Dentre aqueles apontados como "especialistas em segurança pública", é voz unânime que o modelo reduz a letalidade policial, provado em análises quantitativa e comparativa do antes e do depois. A premissa, então, seria aquela atribuída ao poeta romano Juvenal: "Quis custodiet ipsos custodes?" ("Quem há de vigiar os próprios vigilantes?").

Não... As câmeras não inibem policiais tendentes a abusos, que assim agem por força de desvios psicossociais não detectados no processo seletivo ou por falhas nos mecanismos de controle. Não tardará até que agentes encontrem meios de burlar a tecnologia.
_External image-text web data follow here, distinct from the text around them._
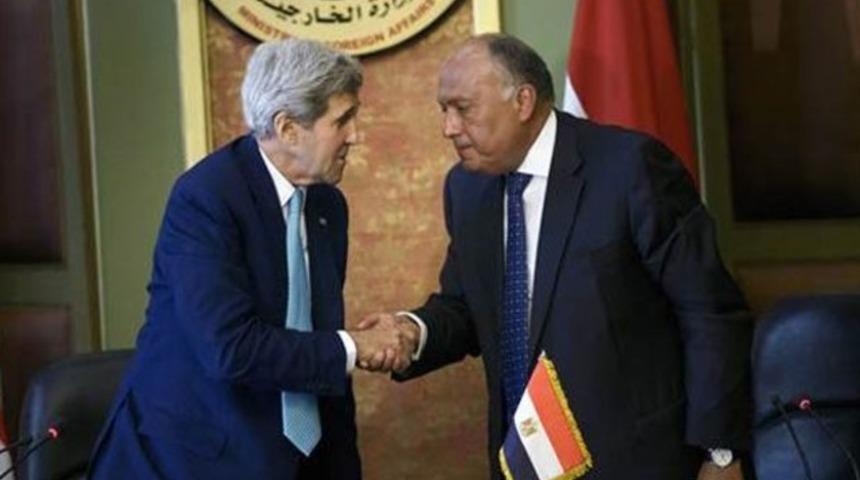 Kerry: 'Mısır&rsquo;a askeri destek devam edecek'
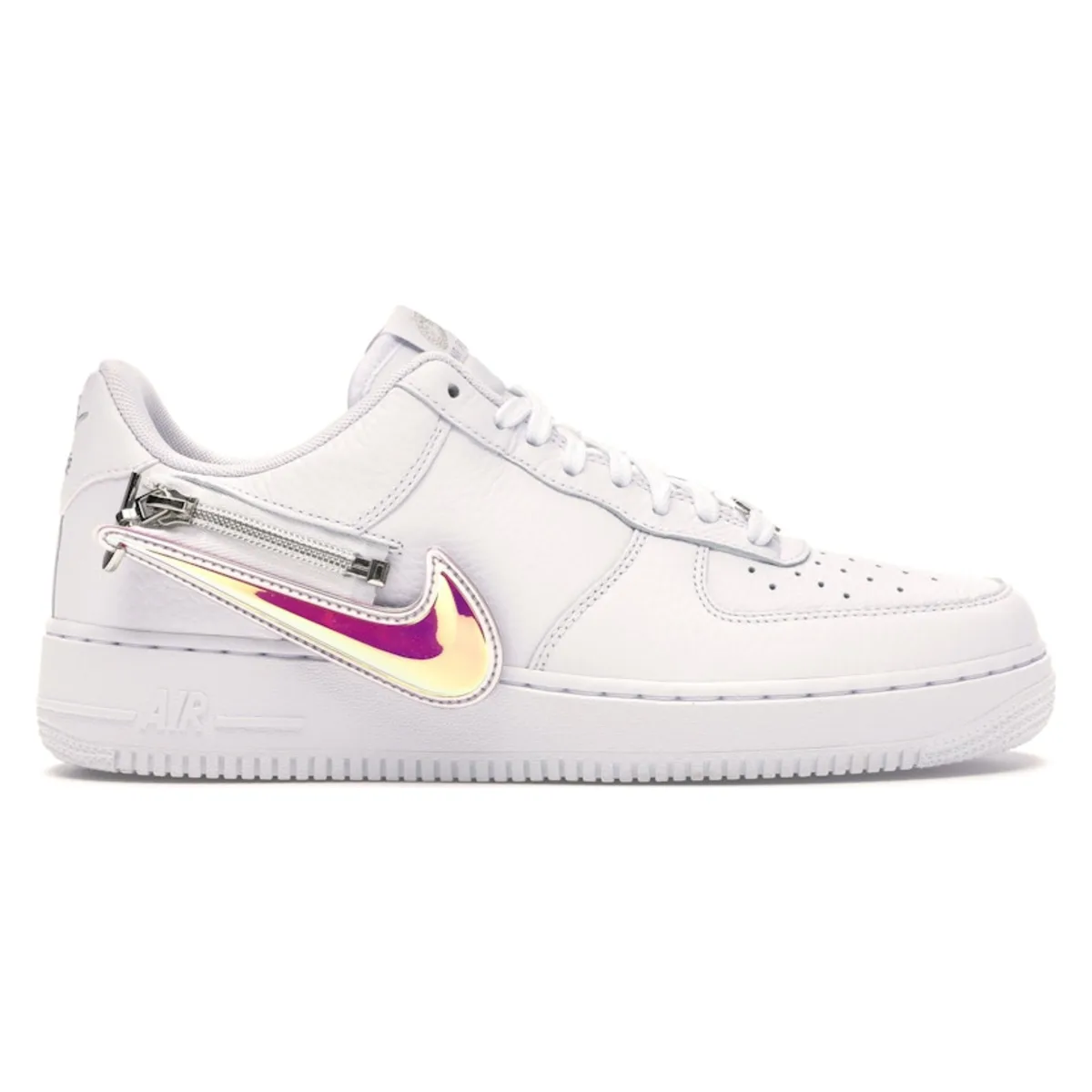 Nike Air Force 1 Low Zip Swoosh White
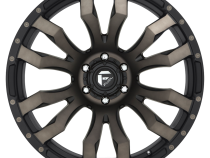 Aluminum Wheels 18X9 Blitz D674 6 On 135 Matte Black Double Dark Tint 87.1 Bore 20 Offset Multi Spoke Fuel Off Road Wheels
Se impedir violência e desmandos for seu principal escopo, o projeto terá ido mal porque não atinge todo o efetivo policial do Estado, já que não incorpora os policiais civis que atuam naquilo que chamam de "polícia preventiva especializada" —tampouco aqueles outros do Departamento de Operações Policiais Estratégicas (Dope) e do Grupo Armado de Repressão a Roubos e Assaltos (Garra).

Na obrigatória equação do bom gestor público —"custo público/bem comum"—, melhor seria investir os mesmos recursos orçamentários na ampliação de câmeras de vigilância ambiental, sobre áreas de elevada incidência criminal, onde recorrentemente acontecem confrontos policiais com criminosos. Daí o duplo efeito: prevenção ao crime e, também, a abusos policiais.

Mas ainda há um outro elemento importante, pouco explorado nos debates sobre o tema: as "body cams" produzem uma rica prova —juridicamente válida nos processos criminais—, apta a dar credibilidade na condenação de criminosos e de policiais desviantes, assim como na absolvição de inocentes, sejam policiais ou cidadãos injustamente indiciados pela polícia, o que tanto mitiga a impunidade quanto impede o erro judiciário (irreparável no seu todo).

Assim, na definição das políticas de segurança pública é preciso primeiro estabelecer o objetivo central do projeto e, a partir disso, ponderar acerca de outras alternativas mais eficazes. Se o objetivo é evitar desvios de comportamento, parece-me que câmeras ambientais em espaços públicos darão mais eficiência, eficácia e efetividade. Se a opção pelas câmeras corporais já é algo definitivo, que seu melhor produto passe a ser aproveitado em sua plenitude pelos tribunais.